1952 short stories by Daphne du Maurier

The Birds and Other Stories is a collection of stories by the British author Daphne du Maurier. It was originally published by Gollancz in the United Kingdom in 1952 as The Apple Tree: A Short Novel and Several Long Stories, and was re-issued by Penguin in 1963 under the current title. In the United States an expanded version was published in 1953 under the title Kiss Me Again, Stranger: A Collection of Eight Stories, Long and Short by Doubleday including two additional stories, "The Split Second" and "No Motive".

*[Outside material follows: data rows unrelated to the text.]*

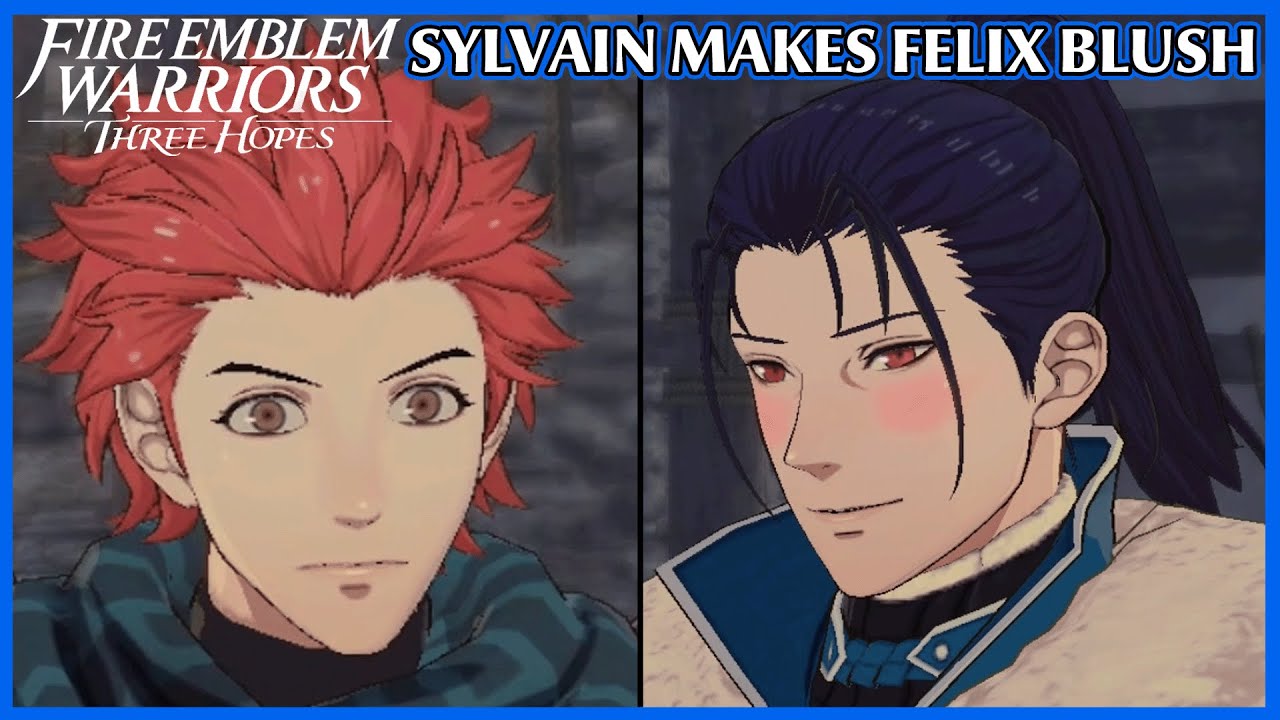 Sylvain makes Felix blush - Fire Emblem Warriors Three Hopes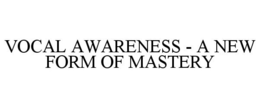 VOCAL AWARENESS - A NEW FORM OF MASTERY trademark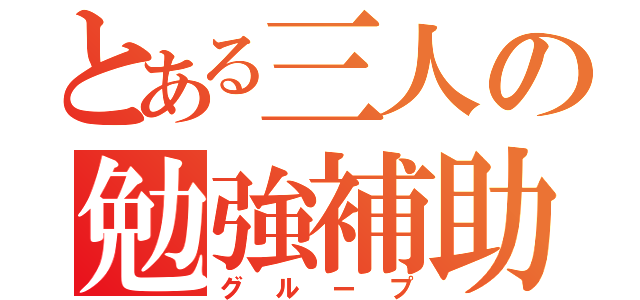 とある三人の勉強補助（グループ）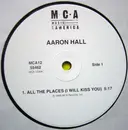 12'' - Aaron Hall - All The Places (I Will Kiss You) / Move It Girl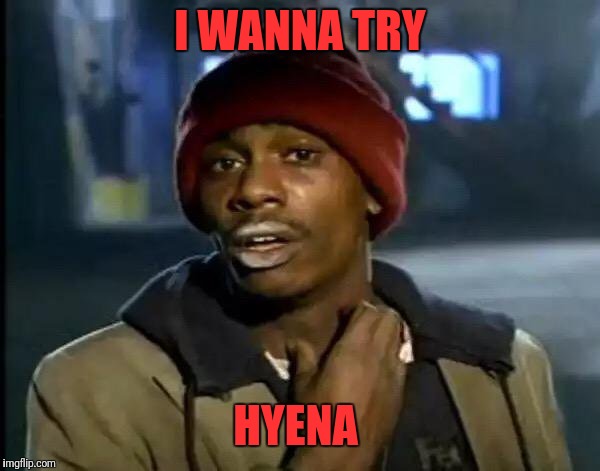 Y'all Got Any More Of That Meme | I WANNA TRY HYENA | image tagged in memes,y'all got any more of that | made w/ Imgflip meme maker
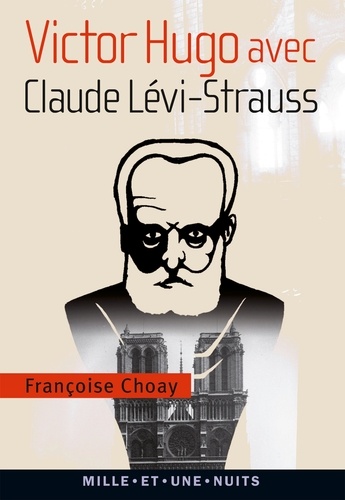 Victor Hugo avec Claude Lévi-Strauss. Aux avant-postes de l'anthropologie et de la linguistique actuelles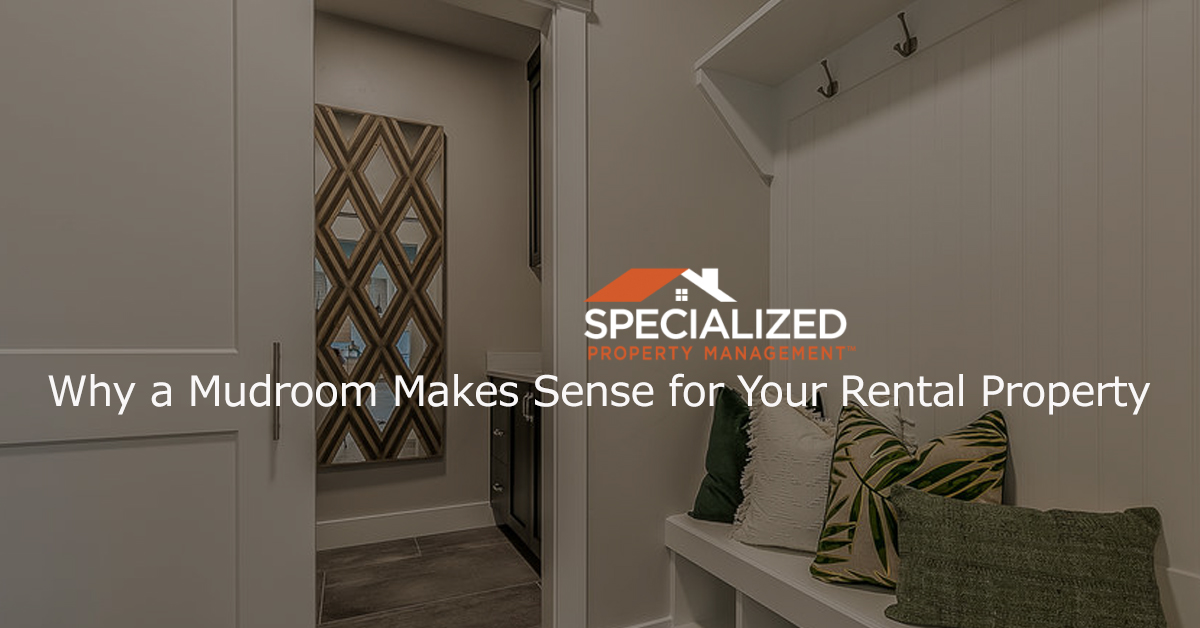 Why a Mudroom Makes Sense for Your Rental Property
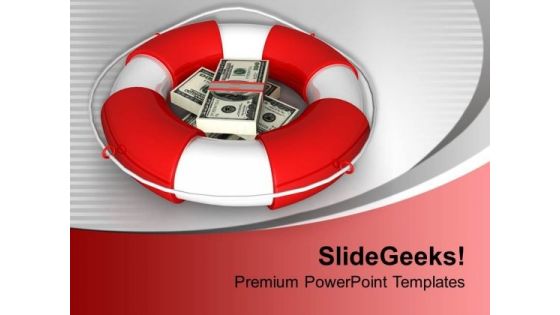 3d Dollars In Lifebuoy PowerPoint Templates Ppt Backgrounds For Slides 0113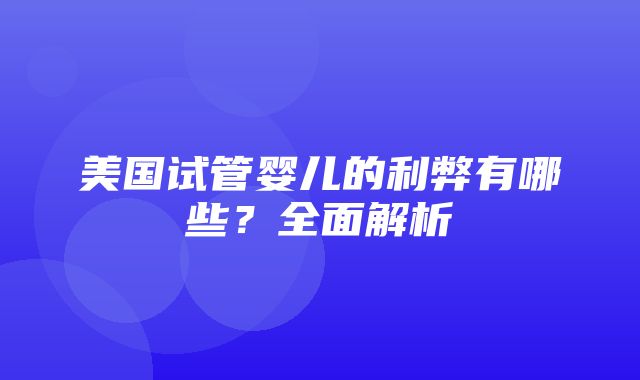 美国试管婴儿的利弊有哪些？全面解析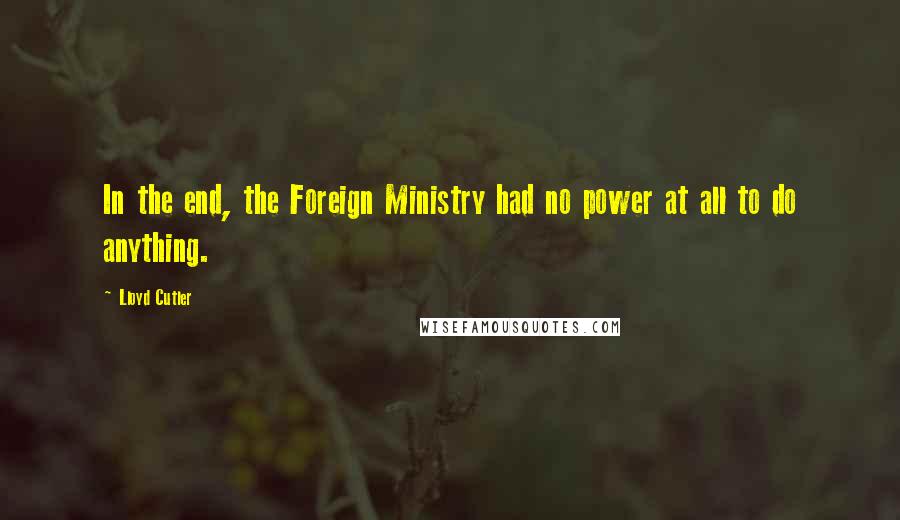 Lloyd Cutler Quotes: In the end, the Foreign Ministry had no power at all to do anything.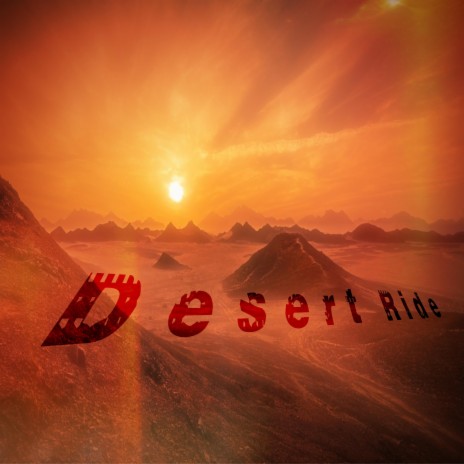 Desert Ride | Boomplay Music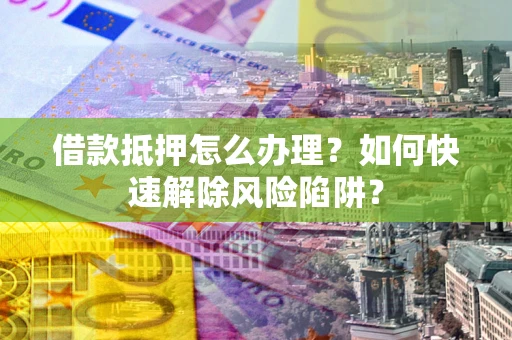 武汉借款抵押怎么办理？如何快速解除风险陷阱？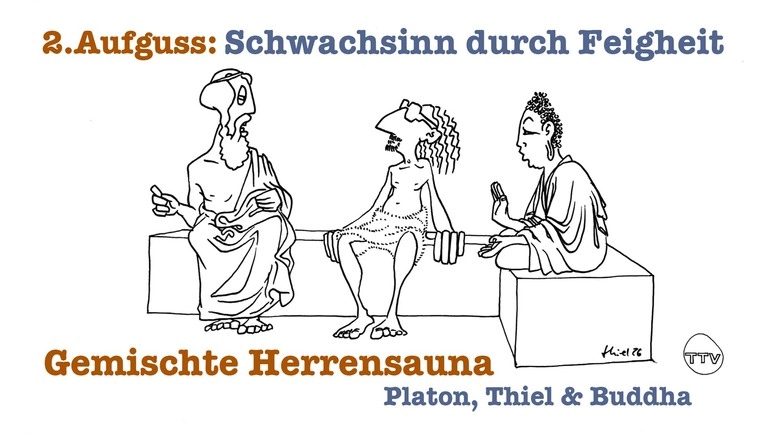 Gemischte Herrensauna - Platon, Thiel & Buddha : "Schwachsinn durch Feigheit"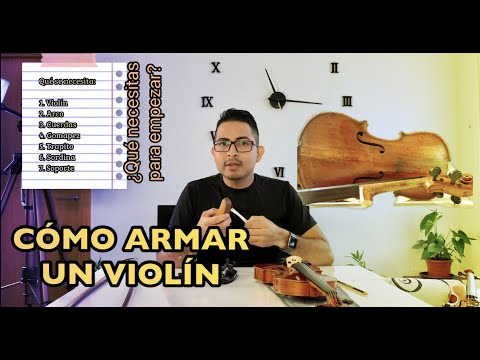 CÓMO ARMAR UN VIOLÍN Y QUÉ COSAS NECESITAS PARA EMPEZAR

One of the stories, "The Birds", was made into a film of the same name by Alfred Hitchcock in 1963.

==Stories==

As first published under the title The Apple Tree in 1952:
- "Monte Verità" tells of an isolated mountain, home to a mysterious sect rumoured to be immortal and feared by the local communities from whom it attracts young women who are never heard of again. It is told from the viewpoint of a nameless mountaineer whose best friend's wife disappears on a trip to climb the peak.
- "The Birds" is a horror story in which a Cornish farmhand, his family, and his community are attacked by flocks of birds.
- "The Apple Tree" follows the actions of a man who, following the death of his unloved wife, suspects her spirit inhabits an old apple tree in his garden. He eventually cuts it down, with tragic consequence.
- "The Little Photographer" tells of a rich Marquise bored and dissatisfied with her life who attempts to spice up her life by having an affair with a photographer whilst holidaying on the French Mediterranean coast.
- "Kiss Me Again, Stranger" relates an episode in which a shy mechanic follows a cinema usherette home from work, and is led to a cemetery. Only later does the mechanic discover the terrible truth about her.
- "The Old Man" follows a family history as told by a neighbour who suspects the father of killing one of their children.

==Reception==
Reviewing the American edition in the May 1953 edition of The Magazine of Fantasy & Science Fiction, Boucher and McComas noted that while nearly half the work fell into the fantasy genre, some bordering on science fiction, the stories were "largely overlong and not too original."

==Adaptations==
- "The Birds" has been the subject of many adaptations, including the 1963 Alfred Hitchcock film of the same name.
- "Kiss Me Again, Stranger" was adapted for CBS television in 1953.
- A BBC radio 4 adaptation of The Apple Tree starring Charles Gray was produced in 1974.